**EXERCISE INSTRUCTIONS:** Repeat the lines of the data exactly and exclude any picture among them.

**DATA BELOW:**
------------------------

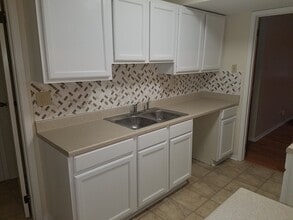 101 Thompson Loop in Lafayette, LA - Building Photo - Building Photo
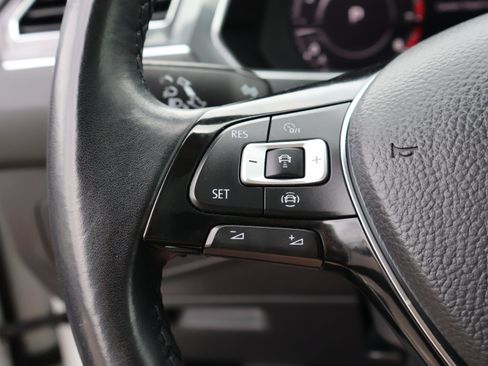 Used 2019 Volkswagen Tiguan SEL Premium AWD/4WD image 30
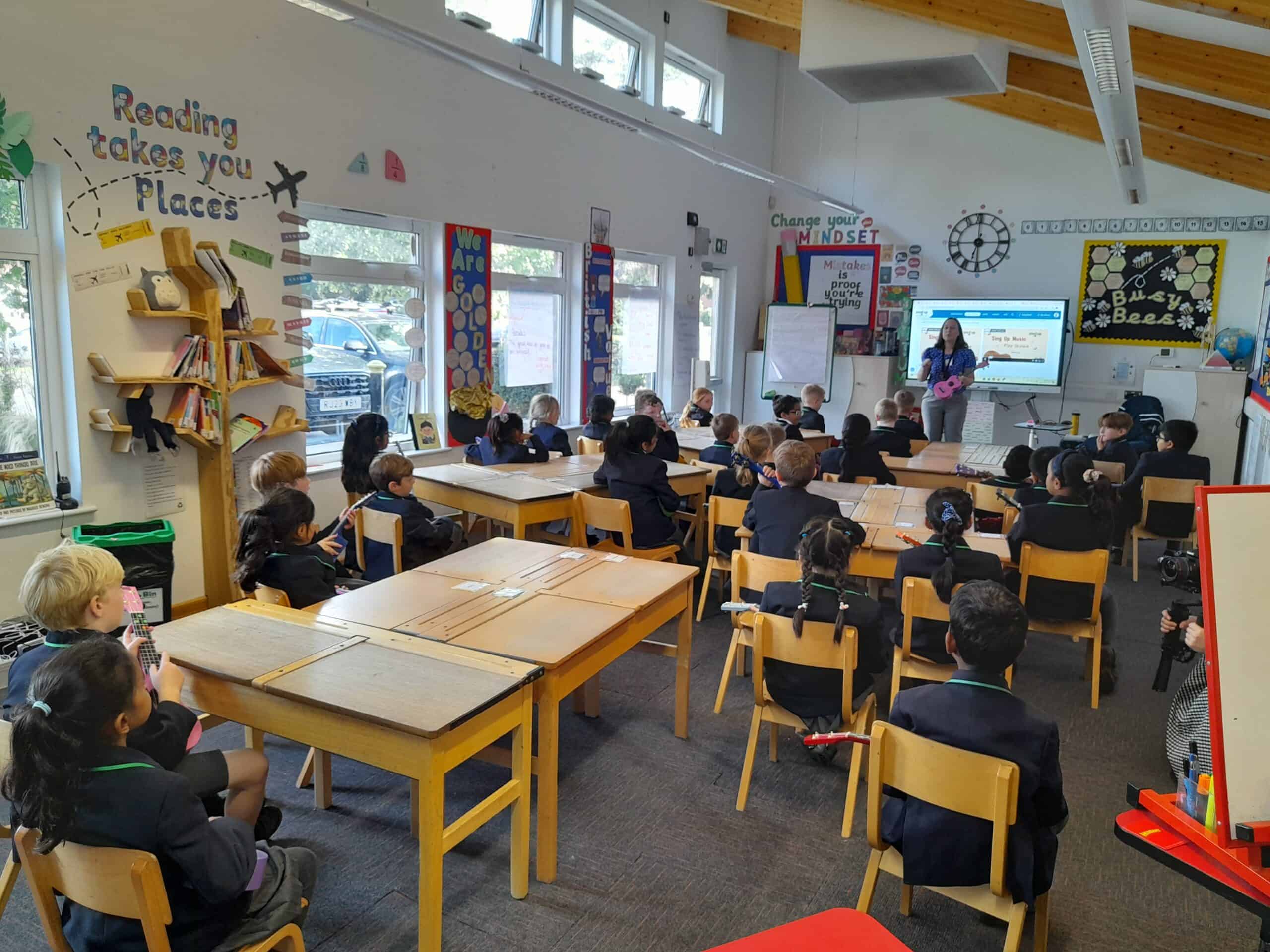 Classroom ukelele lesson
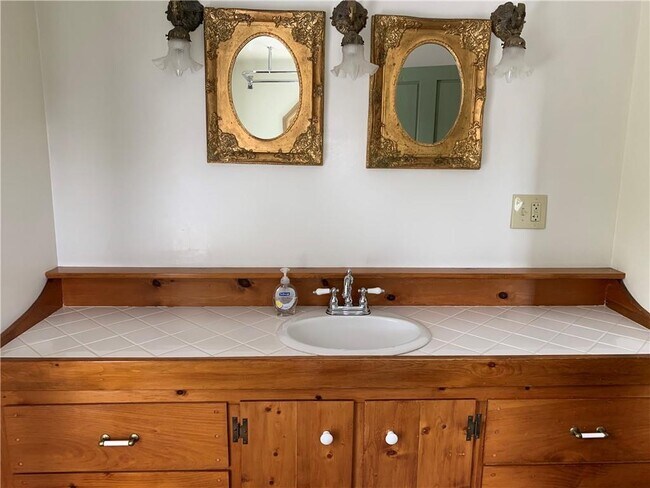 Building Photo - 47 Mill St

------------------------

**RESPONSE BOX:**
 101 Thompson Loop in Lafayette, LA - Building Photo - Building Photo
 Used 2019 Volkswagen Tiguan SEL Premium AWD/4WD image 30
 Classroom ukelele lesson
 Building Photo - 47 Mill St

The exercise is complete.